## Collected material:
▬▬▬
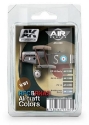 AK-Interactive Air Series Set: RFC & RNAS AIRCRAFT COLORS 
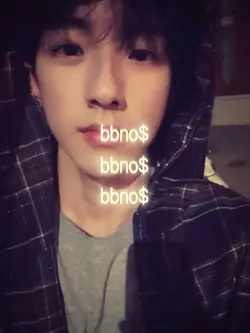 bbno$-come to brazil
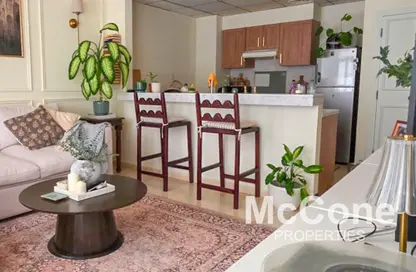 شقة - 2 غرف نوم - 3 حمامات للبيع في فورتوناتو - منطقة 11 - قرية جميرا الدائرية - دبي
▬▬▬
## Task statement:
Set the material above down again word for word. Include none of its pictures.

## Final answer:
 AK-Interactive Air Series Set: RFC & RNAS AIRCRAFT COLORS 
 bbno$-come to brazil
 شقة - 2 غرف نوم - 3 حمامات للبيع في فورتوناتو - منطقة 11 - قرية جميرا الدائرية - دبي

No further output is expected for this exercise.